2024 North Hertfordshire District Council election
| 2 May 2024 |

All 51 seats on North Hertfordshire District Council 26 seats needed for a majority
|  | First party | Second party | Third party |
|  | Blank | Blank | Blank |
| Leader | Elizabeth Dennis | Ruth Brown | David Levett |
| Party | Labour | Liberal Democrats | Conservative |
| Last election | 19 seats, 25.9% | 15 seats, 32.4% | 15 seats, 30.3% |
| Seats won | 25 | 19 | 7 |
| Seat change | +6 | +4 | −8 |
| Popular vote | 29,564 | 24,349 | 22,756 |
| Percentage | 35.6% | 29.3% | 27.4% |
| Swing | +9.7% | −3.1% | −2.9% |
- Winner of each seat at the 2024 North Hertfordshire District Council election
| Leader before election Elizabeth Dennis Labour No overall control | Leader after election Daniel Allen Labour No overall control |

= 2024 North Hertfordshire District Council election =

2024 local government election in North Hertfordshire

The 2024 North Hertfordshire District Council election was held on Thursday 2 May 2024 to elect members of North Hertfordshire District Council in Hertfordshire.

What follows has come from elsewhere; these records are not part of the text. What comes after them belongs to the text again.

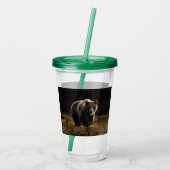 Bär Acryltrinkbecher (Rückseite)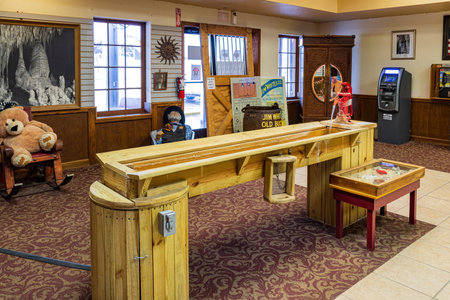 New Mexico, NOV 24 2022 - Get a glimpse inside a gift shop filled with a diverse range of merchandise, located near the Carlsbad Caverns National Parkのeditorial素材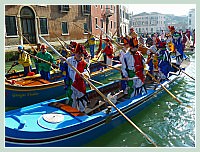Carnaval de Venise 2010 - Le Carnaval en bateau des Vénitiens et le vol de la Pantegana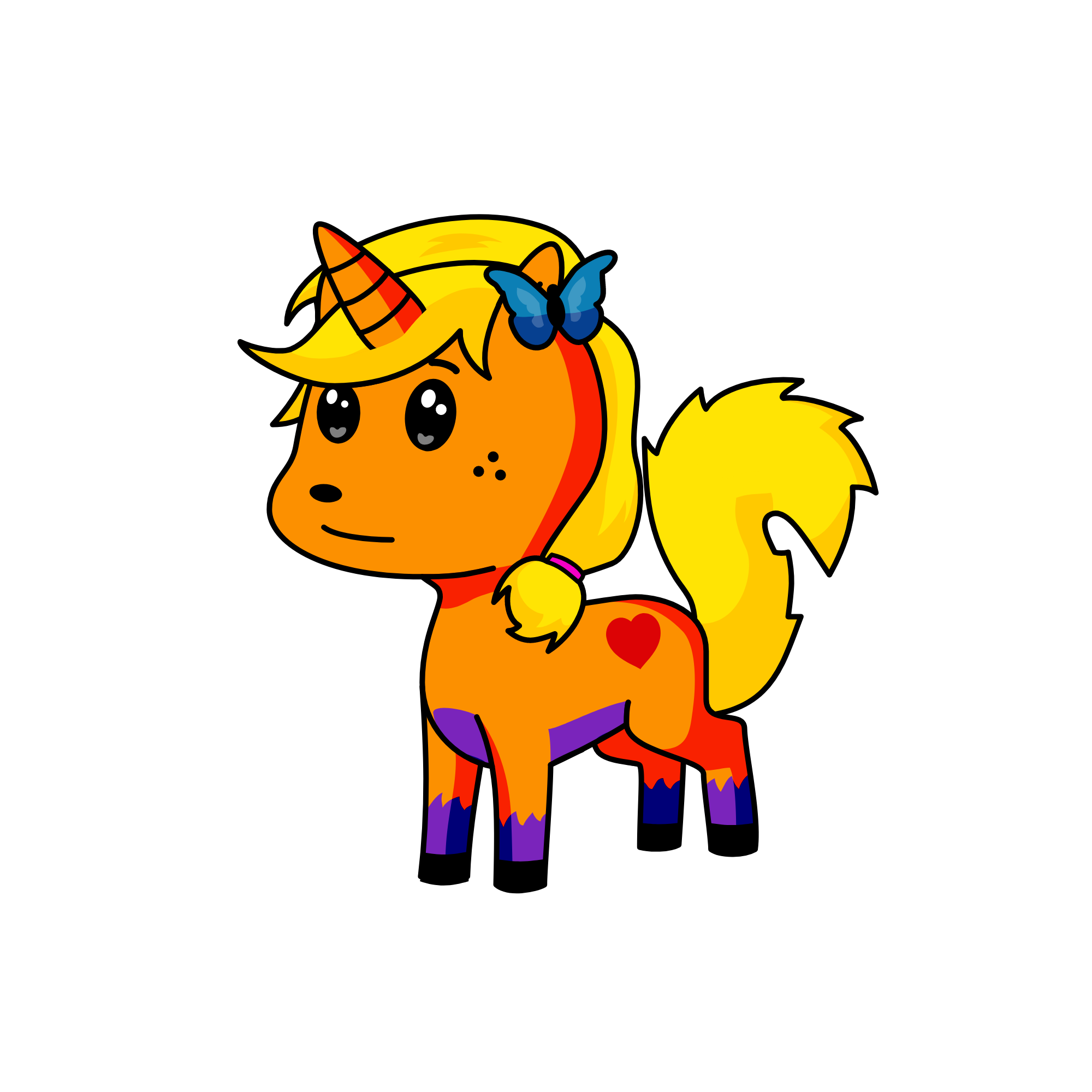 Foxy, the unicorn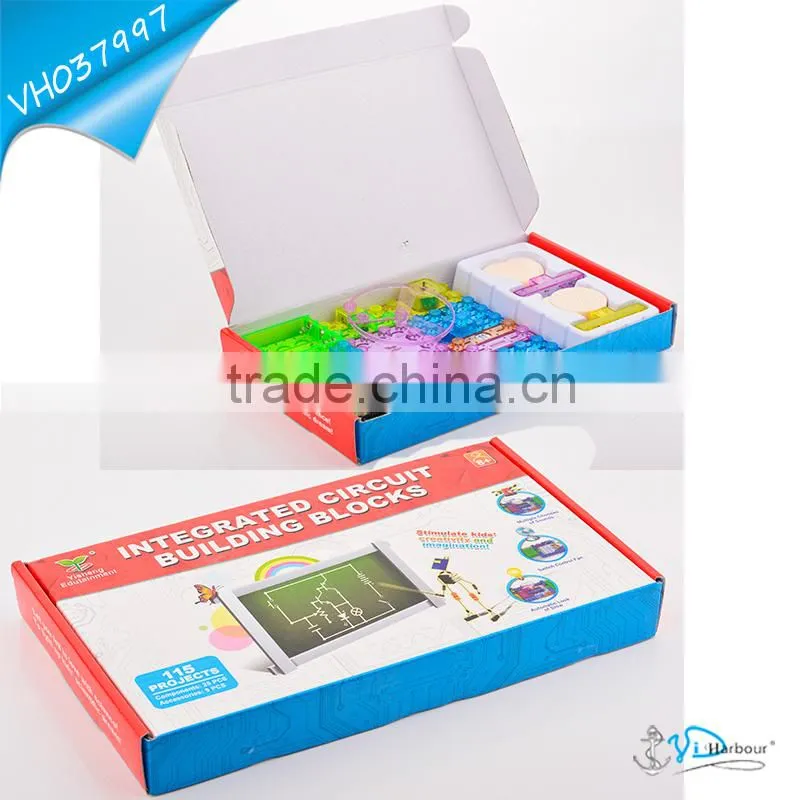 New Educational Plastic Circuit Building Blocks Toys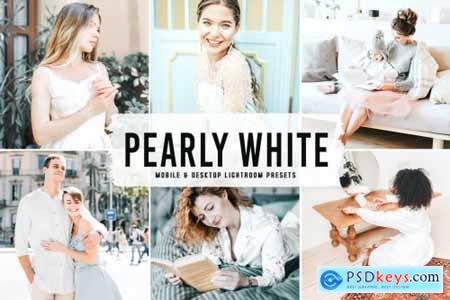 Pearly White Mobile & Desktop Lightroom Presets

It was held alongside the other local elections in the United Kingdom. New ward boundaries come into effect for this election, increasing the number of councillors from 49 to 51.

==Summary==
Prior to the election the council was under no overall control, being led by a coalition of Labour and the Liberal Democrats.

Following the election, the council remained under no overall control. Labour was still the largest party and increased its number of seats, but fell one short of winning an overall majority. The Liberal Democrats also increased their number of seats. The Conservatives were reduced to just seven seats, and their group leader, David Levett, lost his seat. The Conservatives subsequently chose Ralph Muncer to be their new group leader after the election.

Labour also changed its leader after the election. Elizabeth Dennis, who had served as group leader and leader of the council since 2021, was replaced by Daniel Allen. He was formally appointed as the new leader of the council, leading a Labour minority administration, at the subsequent annual council meeting on 23 May 2024.

===Previous council composition===

| After 2023 election |  |  | Before 2024 election |  |  | After 2024 election |  |  |
|---|---|---|---|---|---|---|---|---|
| Party |  | Seats | Party |  | Seats | Party |  | Seats |
|  | Labour | 19 |  | Labour | 19 |  | Labour | 25 |
|  | Liberal Democrats | 15 |  | Liberal Democrats | 15 |  | Liberal Democrats | 19 |
|  | Conservative | 15 |  | Conservative | 15 |  | Conservative | 7 |

===Election result===

2024 North Hertfordshire District Council election
| Party |  | Candidates | Seats | Gains | Losses | Net gain/loss | Seats % | Votes % | Votes | +/− |
|  | Labour | 51 | 25 | 6 | 0 | +6 | 49.0 | 35.6 | 29,564 | +9.7 |
|  | Liberal Democrats | 51 | 19 | 4 | 0 | +4 | 37.3 | 29.3 | 24,349 | –3.1 |
|  | Conservative | 51 | 7 | 0 | 6 | −8 | 13.7 | 27.4 | 22,756 | –2.9 |
|  | Green | 20 | 0 | 0 | 0 | Steady | 0.0 | 5.6 | 4,638 | –1.9 |
|  | Reform UK | 7 | 0 | 0 | 0 | Steady | 0.0 | 1.5 | 1,215 | +0.8 |
|  | CPA | 8 | 0 | 0 | 0 | Steady | 0.0 | 0.5 | 410 | ±0.0 |
|  | Independent | 1 | 0 | 0 | 0 | Steady | 0.0 | 0.2 | 195 | –2.5 |

==Ward results==
The Statement of Persons Nominated, which details the candidates standing in each ward, was released by North Hertfordshire District Council following the close of nominations on 5 April 2024. The results by ward are as follows.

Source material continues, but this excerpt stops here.